## YOUR INSTRUCTIONS
The reply should repeat all of the data word for word, with no pictures.

## DATA EXTRACT
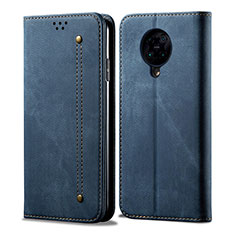 Coque Clapet Portefeuille Livre Tissu H01 pour Xiaomi Poco F2 Pro Bleu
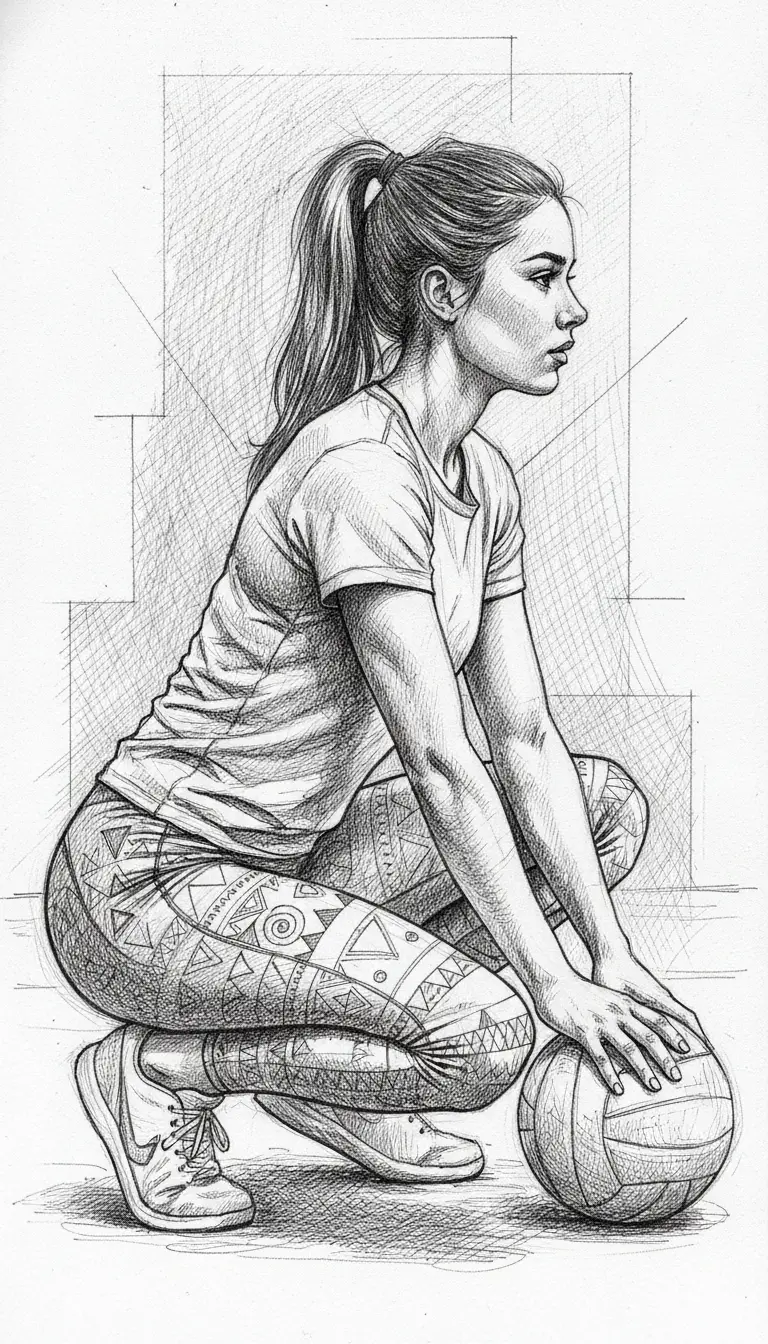 Athletic girl crouching with volleyball in pen drawing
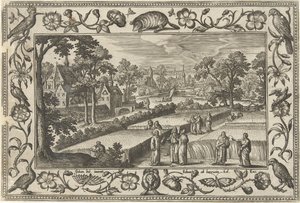 Cosecha de granos en sábado Paisajes con escenas bíblicas, mitológicas y escenas de caza (título de la serie) de Adriaen Collaert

## THE COMPLETED TASK
 Coque Clapet Portefeuille Livre Tissu H01 pour Xiaomi Poco F2 Pro Bleu
 Athletic girl crouching with volleyball in pen drawing
 Cosecha de granos en sábado Paisajes con escenas bíblicas, mitológicas y escenas de caza (título de la serie) de Adriaen Collaert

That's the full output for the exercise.